Tramas is Jessica Mein's second solo show at Galeria Leme. The artist presents wall-based works and spatial structures. With this new body of work, Mein deepens her research on the physicality and spatiality of images and further subverts the boundaries and hierarchies between image and the support that sustains it, surface and structure.
Mein's work focuses on the increasingly obsolete visual materials from Dubai and São Paulo, which are being substituted by high-tech alternatives. Her fascination with the nearly extinct billboard structures and papers in São Paulo, as well as the hand printed hemp bags found in dry-goods markets around Dubai, is rooted in an investigation of the systems of production and dissemination of images throughout the urban space, and our consequent mental and physical relation to these processes and products.
As a contrast to the overwhelming ease and speed images are produced and circulated nowadays, Mein's physical interventions are highly laborious, slow and complex.
Mein combines billboard fragments, originally discarded due to printing errors, with the manual imprints from the hemp bags that are generally used to transport rice. The artist uses the hemp as a source of imagery, surface and support for her works. A new image is then superimposed to the one that previously existed on the hemp bag. She also scans sections of hemp bags and transfers them as images onto blank hemp. She then unthreads, rips and cuts the material, in a manual process that is inevitably doomed to errors and imperfections. By doing this, the artist simultaneously reveals the constitution of the fabric, decomposing it to its threads and fibers, and also exposes the structure sustaining the work, showing the wooden frames behind the hemp.

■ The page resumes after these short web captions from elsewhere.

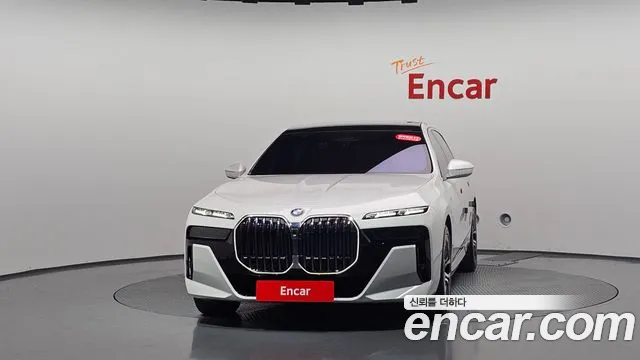 BMW 7 Series G70 — Фото автомобиля 3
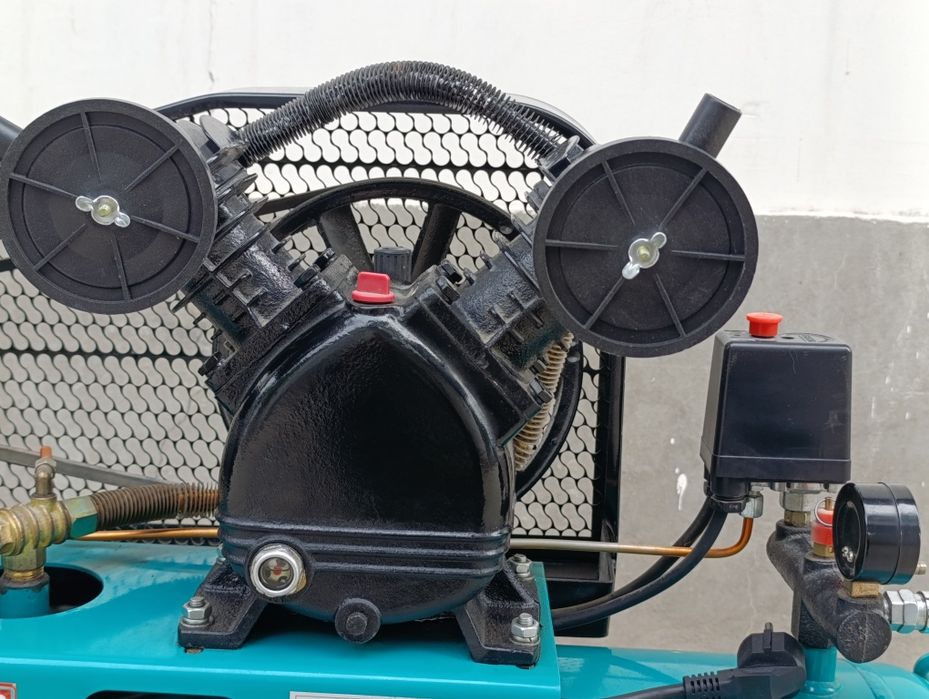 Компрессор компирессор компрессир  kompressor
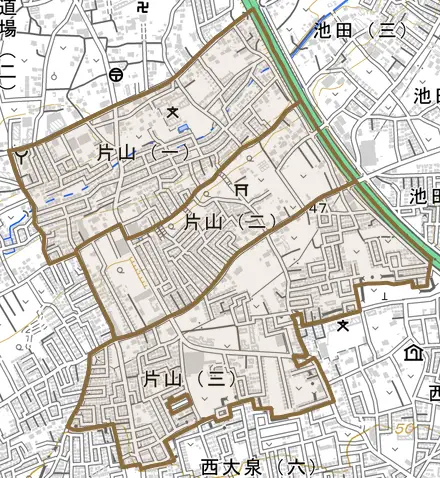 片山とその周辺の地図。町の範囲を重ねている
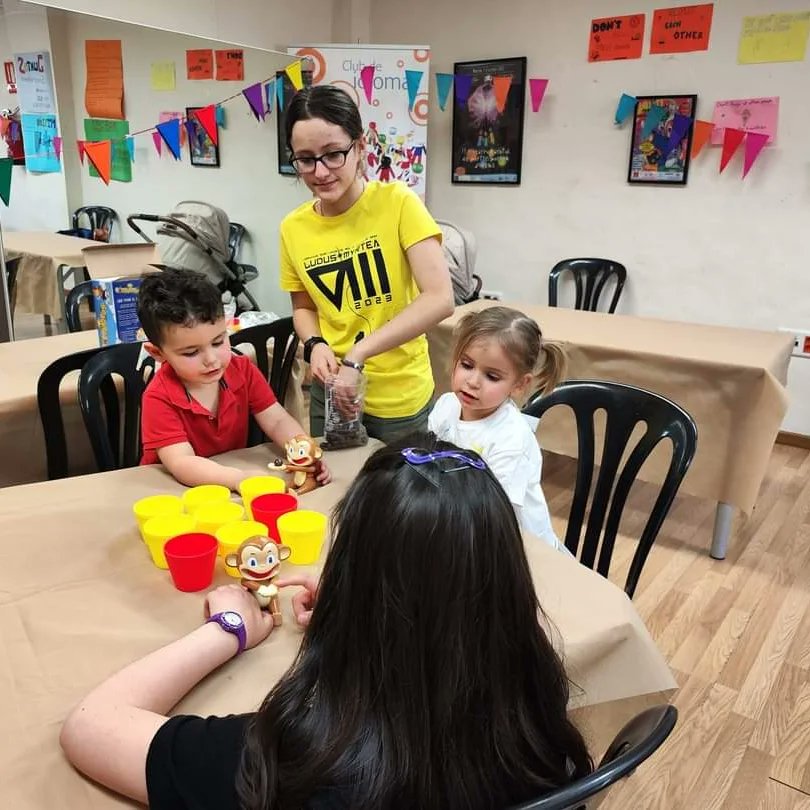 SiJuego's tweet photo. Vuelven las Ludus Myrtea y nosotros volvemos a calzarnos la camiseta amarilla.
La peque ya es monitora en toda regla y el garrapato es el único que se libra de coger turno, de momento. Jugando en familia.
#Rol #JuegosDeMesa #Jornadas #LudusMyrtea #Murcia @ARMS_Rol @LudusMyrtea https://t.co/QPHYDtxEj3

This inversion between structural backstage and image is taken further with a group of freestanding wooden installations that are spread around the exhibition space physically confronting the viewer with their size and scale. The formal qualities of these quasi-architectural constructions simultaneously echo the works on the walls, as well as the precarious urban structures that hold up large images. Here, the support elements become as important as the de-constructed images.
In a constant oscillation between construction and the subsequent sabotage of her own works, Jessica Mein's exploration ranges from the micro-scale of the hemp's fibers to the macro scale of the spatial structures reminiscent of the billboards placards. By altering and experimenting with her works to their most basic architectures, the artist questions the authority of the image as the all-encompassing contemporary commodity.
Jessica Mein
Born in São Paulo, Brazil, 1975. Lives and works in Dubai, where she is currently a resident artist in the A.i.R. program run by Art Dubai, Delfina Foundation, Dubai Culture and Arts Authority and Tashkeel.
Among her solo exhibitions are: Obras, Simon Preston, New York; The Pavilion Downtown, Dubai. As well as the group shows: The Street Files Biennial, Museo del Barrio, New York; The Julia Stoschek Foundation, Dusseldorf; Wellin Museum, Hamilton College, New York; Museo Tamayo de Arte Contemporáneo, Mexico; Gallery Isabelle van den Eynde, Dubai; Drawing Center, New York; New York University, Abu Dhabi; Harvard University, Cambridge, USA.
Her work is included in collections at The Museum of Modern Art, New York; Julia Stoschek Foundation, Dusseldorf; and Museu de Arte Contemporânea, São Paulo.